Stored entries -

•••••

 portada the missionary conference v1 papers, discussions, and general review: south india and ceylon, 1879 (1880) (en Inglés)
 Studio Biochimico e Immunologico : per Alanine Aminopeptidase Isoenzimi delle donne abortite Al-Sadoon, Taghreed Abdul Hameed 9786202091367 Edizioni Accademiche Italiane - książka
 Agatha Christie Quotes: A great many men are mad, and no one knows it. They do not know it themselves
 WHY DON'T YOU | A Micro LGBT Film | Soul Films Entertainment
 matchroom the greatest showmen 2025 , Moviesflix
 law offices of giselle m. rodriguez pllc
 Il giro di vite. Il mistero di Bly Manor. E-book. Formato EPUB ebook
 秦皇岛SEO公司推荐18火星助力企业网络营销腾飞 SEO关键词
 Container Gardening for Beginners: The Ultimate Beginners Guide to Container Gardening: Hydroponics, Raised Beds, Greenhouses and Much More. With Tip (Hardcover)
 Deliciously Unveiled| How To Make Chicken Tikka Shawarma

•••••

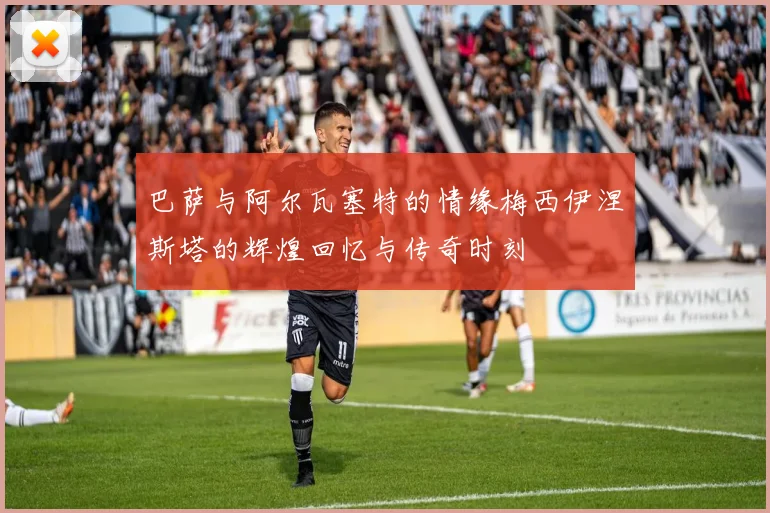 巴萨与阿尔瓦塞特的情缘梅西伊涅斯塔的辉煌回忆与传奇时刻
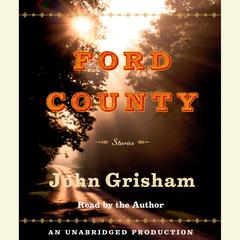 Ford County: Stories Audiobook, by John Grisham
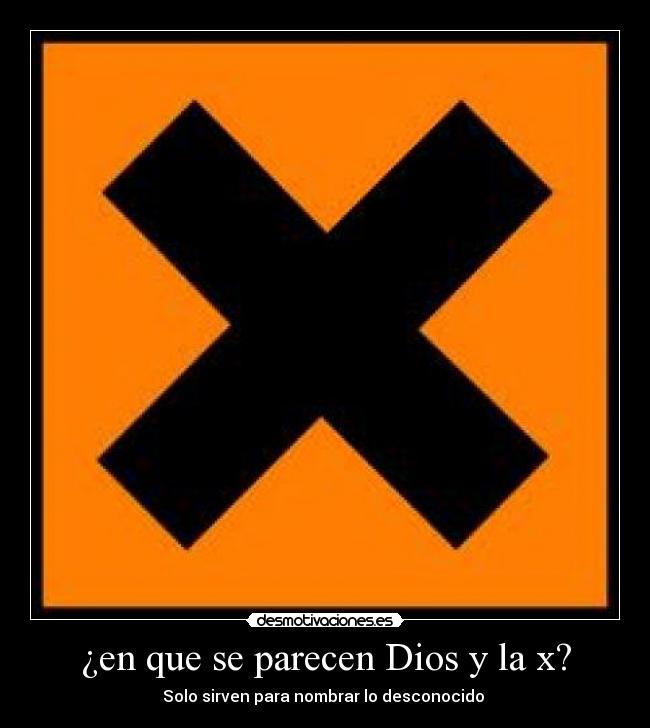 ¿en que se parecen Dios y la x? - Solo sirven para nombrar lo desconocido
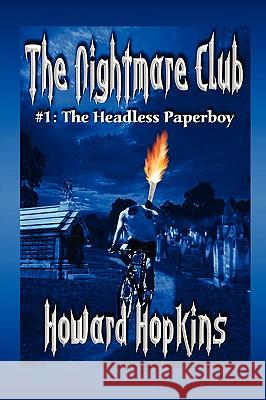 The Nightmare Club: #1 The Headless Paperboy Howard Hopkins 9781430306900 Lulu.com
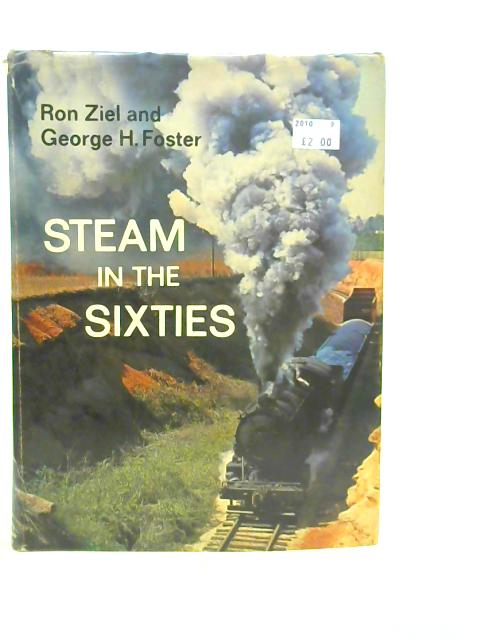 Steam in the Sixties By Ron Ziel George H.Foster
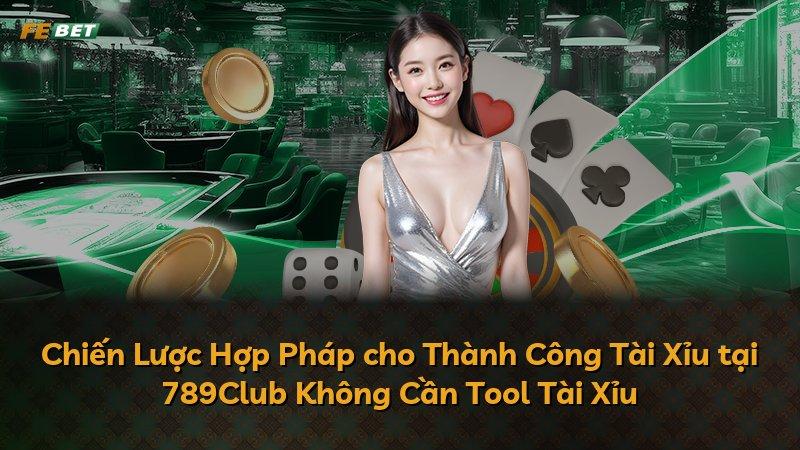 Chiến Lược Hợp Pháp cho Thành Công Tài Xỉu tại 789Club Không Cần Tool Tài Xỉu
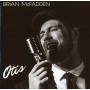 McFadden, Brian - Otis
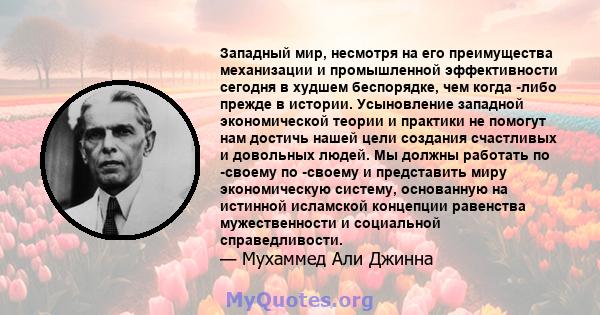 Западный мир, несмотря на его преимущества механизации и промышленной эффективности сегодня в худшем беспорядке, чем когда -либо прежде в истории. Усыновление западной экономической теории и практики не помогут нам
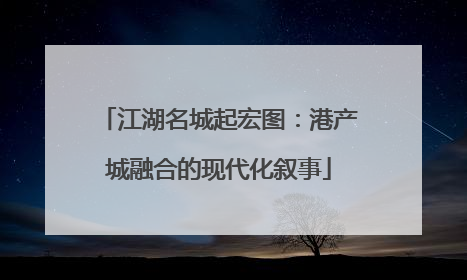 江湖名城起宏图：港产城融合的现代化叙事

•••••

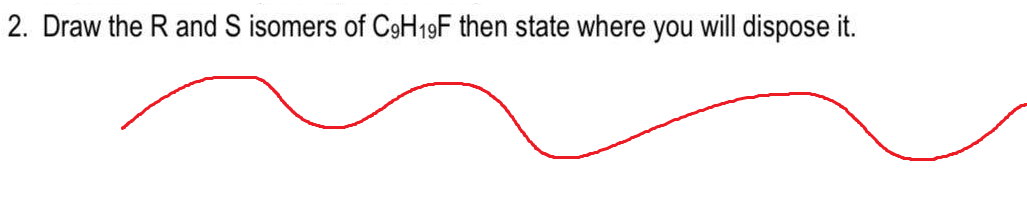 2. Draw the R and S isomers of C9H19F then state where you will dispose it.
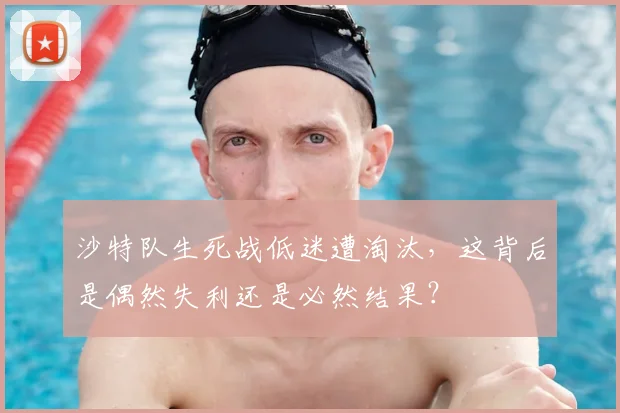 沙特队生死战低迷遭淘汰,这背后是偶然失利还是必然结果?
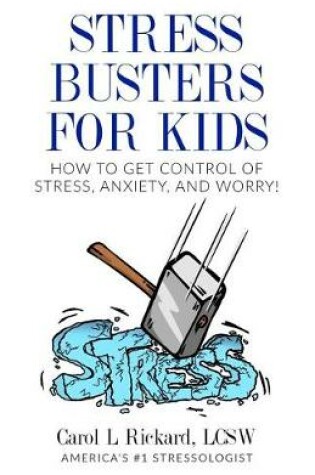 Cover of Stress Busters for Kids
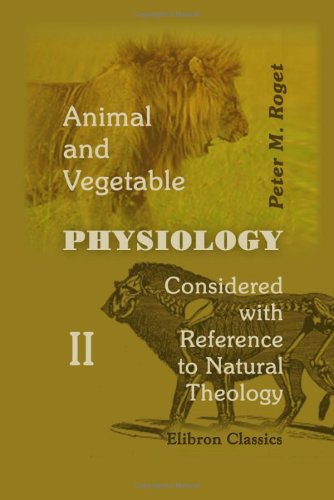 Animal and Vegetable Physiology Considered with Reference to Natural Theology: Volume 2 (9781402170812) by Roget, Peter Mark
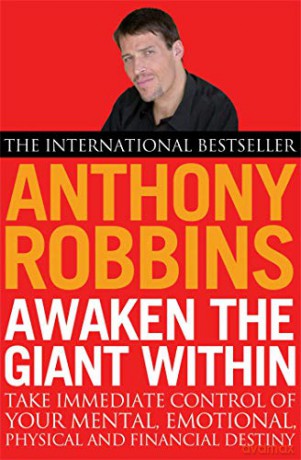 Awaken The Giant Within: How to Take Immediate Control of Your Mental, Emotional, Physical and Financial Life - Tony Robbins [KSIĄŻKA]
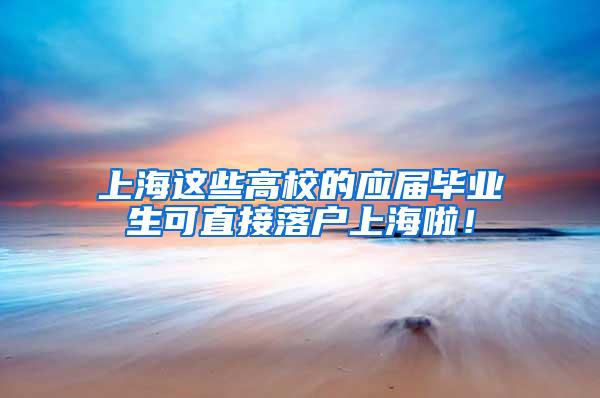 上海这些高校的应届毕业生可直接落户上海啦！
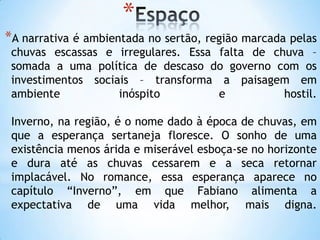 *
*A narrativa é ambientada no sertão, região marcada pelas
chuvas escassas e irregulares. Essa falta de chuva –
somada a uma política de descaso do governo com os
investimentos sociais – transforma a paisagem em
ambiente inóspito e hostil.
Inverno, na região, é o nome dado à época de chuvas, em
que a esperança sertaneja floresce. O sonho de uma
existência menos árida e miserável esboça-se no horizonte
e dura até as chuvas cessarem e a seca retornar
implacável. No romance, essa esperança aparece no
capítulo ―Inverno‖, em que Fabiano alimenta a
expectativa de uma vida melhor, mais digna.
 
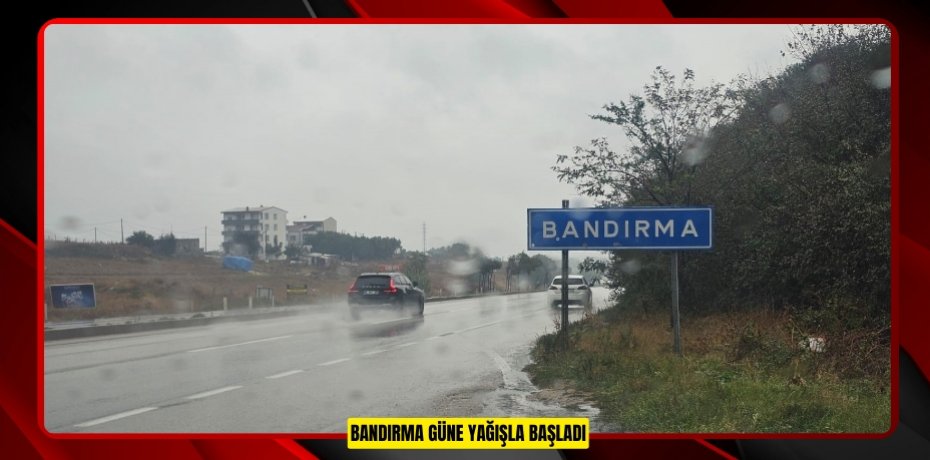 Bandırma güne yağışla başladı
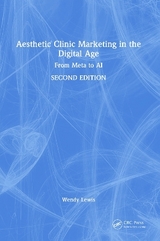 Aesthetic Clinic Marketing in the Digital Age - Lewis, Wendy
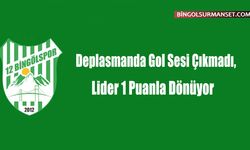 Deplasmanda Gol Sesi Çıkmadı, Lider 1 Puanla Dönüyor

•••••

From the entries above, extract only the lines running from the one containing "portada the missionary" through the one containing "Deliciously Unveiled| How", inclusive.

Response box -
 portada the missionary conference v1 papers, discussions, and general review: south india and ceylon, 1879 (1880) (en Inglés)
 Studio Biochimico e Immunologico : per Alanine Aminopeptidase Isoenzimi delle donne abortite Al-Sadoon, Taghreed Abdul Hameed 9786202091367 Edizioni Accademiche Italiane - książka
 Agatha Christie Quotes: A great many men are mad, and no one knows it. They do not know it themselves
 WHY DON'T YOU | A Micro LGBT Film | Soul Films Entertainment
 matchroom the greatest showmen 2025 , Moviesflix
 law offices of giselle m. rodriguez pllc
 Il giro di vite. Il mistero di Bly Manor. E-book. Formato EPUB ebook
 秦皇岛SEO公司推荐18火星助力企业网络营销腾飞 SEO关键词
 Container Gardening for Beginners: The Ultimate Beginners Guide to Container Gardening: Hydroponics, Raised Beds, Greenhouses and Much More. With Tip (Hardcover)
 Deliciously Unveiled| How To Make Chicken Tikka Shawarma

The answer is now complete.